The committee is in the early stages of its work and has had only two meetings since March. Still unknown is whether it would be more cost-efficient to fully repair the City Hall, also known as the Sanford Estate, or lease or construct new space to serve as City Hall.

Alderman Joseph Isabel, R-1st Ward, is chairman of the committee. He said although he was impressed with the improvements made to the building by the current administration, he would continue to look at the project from a fiscal point of view.

“It’s better to downsize our government spending than to have to let a fireman or policeman go,” he said.

Isabel said according to documents provided by the city comptroller, the estate costs $160,000 a year to operate, $60,000 for heating alone.

Isabel said he felt it would be more cost-effective and efficient to have a new building constructed. He said the new building could be much smaller than the mansion and would cost less to heat and power.

“Whoever bought the home may be able to take care of it better than we can,” said Isabel.

Thane said the property has been assessed at $400,000 to $600,000, but she worries how long it would sit on the market if put up for sale. The city would be responsible for the building’s maintenance during that time.

The committee is split on its opinion of whether City Hall should be moved. Many feel the estate is an important historical site that should be kept in the city’s possession.

The mansion was once the home of Stephen Sanford, one of the world’s largest carpet manufacturers. He purchased and remodeled the home in 1869. In 1932, his son John donated the mansion for use as City Hall.

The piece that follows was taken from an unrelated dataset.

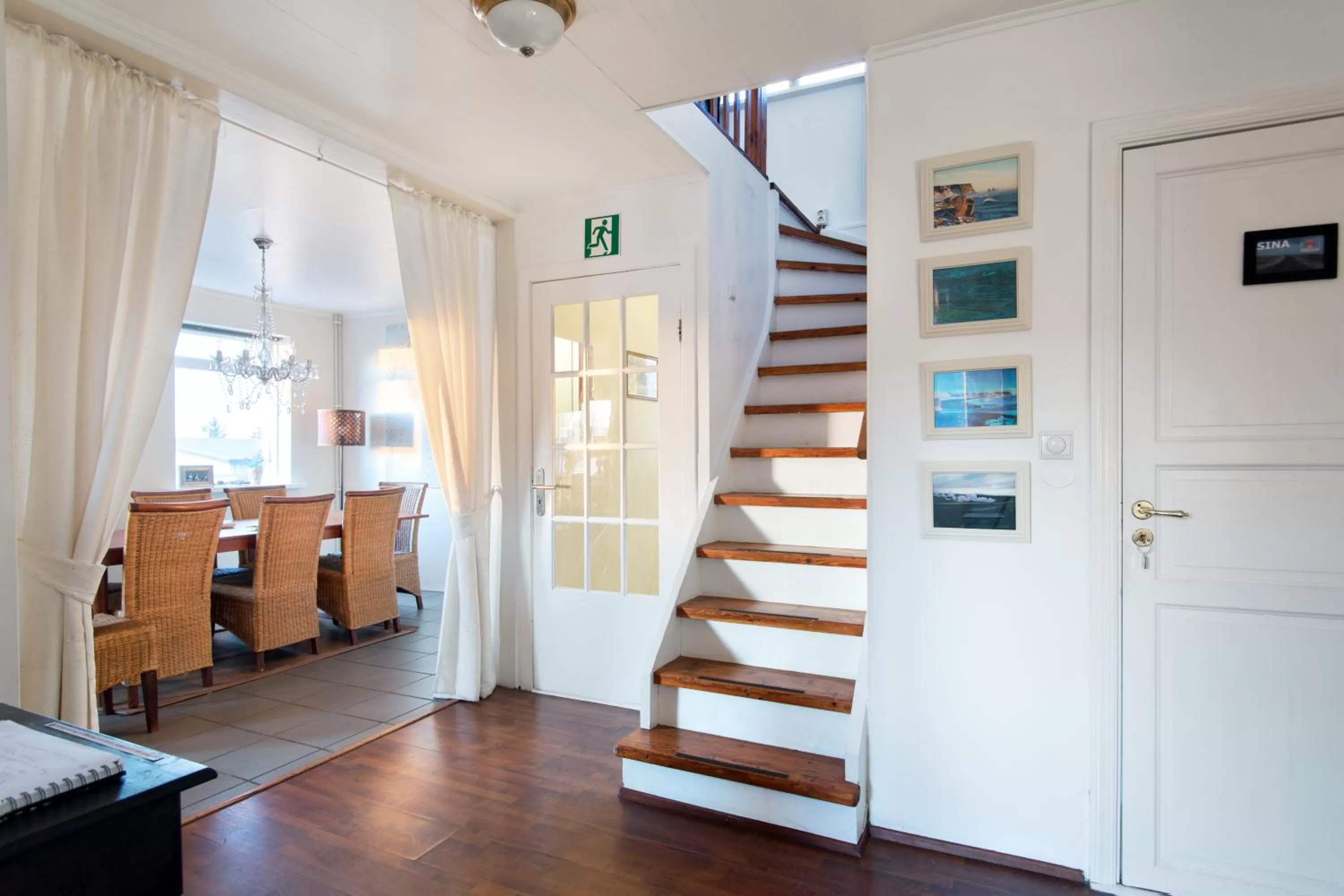 Communal lounge/ TV room in Blue House B&B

Thane said: “I think it’s a huge mistake to divest City Hall from this building. Amsterdam is proud of its history and we need to think critically about what we should protect and what we should let go.”

All but four City Hall employees have signed a petition seeking to remain in the mansion. Lisa Luber, an employee for the city Housing Department, started the petition.

“It was given to the city for the express purpose of being used as City Hall,” she said. “There is a lot of history here that exemplifies the glorious city Amsterdam once was and can be again. Why lose that?”

Isabel said he didn’t believe ownership of the mansion was a matter for employees to be involved with.

“This is a fiscal decision that needs to be made by officials,” he said. “Money is tight for everyone and it’s not only our city having to face these decisions.”

Although the mansion was left to the city for the specific purpose of housing City Hall, Isabel said there were no specifications in the original deed that prevent its sale.

The committee is currently looking into how much it has cost other local municipalities to build a new city hall and gathering estimates.

Additionally, the city is looking into several grants it could receive to help with the building’s upkeep.

The Sanford Estate is on the National Historic Landmark Registry. City officials are researching whether state or federal funds could be obtained to restore the mansion.

The city is also looking into an energy efficiency grant and a records management grant to consolidate and electronically store the thousands of documents housed within the building.

A decision on the future of City Hall is not expected to be made in time for the current budget session.